Em março de 2007, Cordero foi preso no Brasil, mas era necessário garantir que o Supremo Tribunal Federal (STF) votasse a sua extradição para a Argentina, o primeiro país a solicitar a sua captura, o que não foi conseguido em primeira instância.

Foi nesse momento que Jair acionou a Rel UITA para iniciar uma campanha internacional para que o STF votasse a extradição de Cordero.

Foram dias intensos: contatamos a imprensa local, dirigentes sindicais, ativistas, legisladores, autoridades governamentais, organizamos uma grande coletiva de imprensa no Auditório da Faculdade de Direito da Universidade da República do Uruguai e lançamos a campanha que visava coletar assinaturas a serem enviadas ao STF do Brasil, pedindo a extradição de Cordero.

Foram obtidas milhares de adesões de todo o mundo e, finalmente, conseguimos a extradição do torturador para a Argentina, onde ele foi condenado por seus crimes e permanece detido até hoje.

Manuel Cordero esteve envolvido no sequestro e tortura de Sara Méndez e no sequestro de seu filho, Simón Riquelo; também esteve envolvido no sequestro, transferência para o Uruguai, prisão, tortura, assassinato e desaparecimento do corpo de María Claudia García Irureta de Gelman, a nora do poeta argentino Juan Gelman.

Também foi acusado de participar no assassinato do senador uruguaio Zelmar Michelini e do ex-presidente da Câmara de Deputados do Uruguai, Héctor Gutiérrez Ruiz, em 1976, assim como em dezenas de desaparecimentos de uruguaios na Argentina.

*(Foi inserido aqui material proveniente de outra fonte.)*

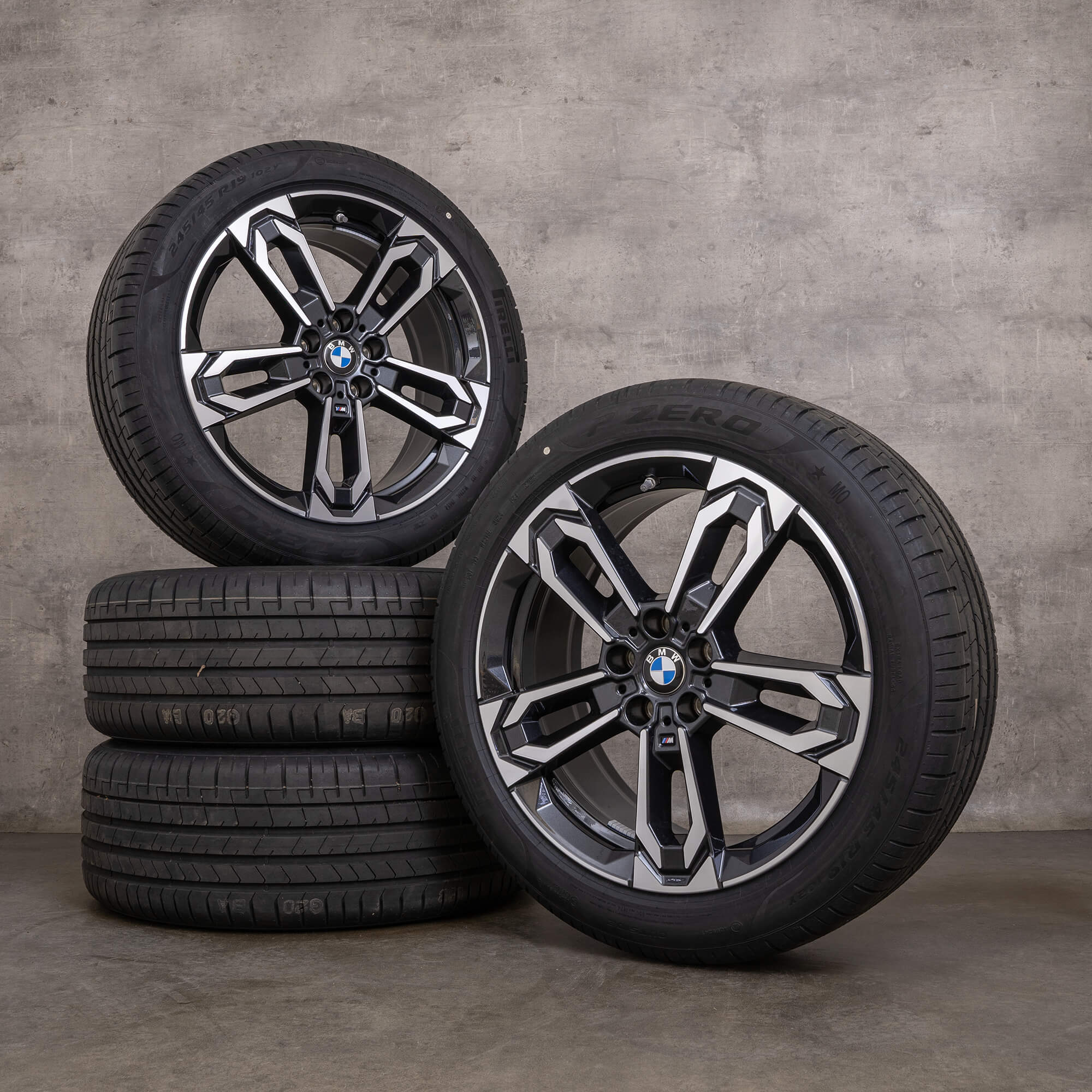 OEM BMW X1 iX1 X2 rims 19 inch U10 U11 summer wheels Styling 871 M ...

Não foi esta a única ação em que Jair desempenhou um papel fundamental; houve outras, talvez inúmeras, onde a justiça foi feita graças à sua determinação e ao seu compromisso inabalável.

O documentário de Milton Cougo é uma forma de agradecimento coletivo, feito por todos e todas que reconhecem em Jair um ser humano excepcional, uma pessoa iluminada, uma figura imprescindível, como aquelas que lutam por toda a vida e cujo exemplo inspira, comove e nos encoraja a caminhar.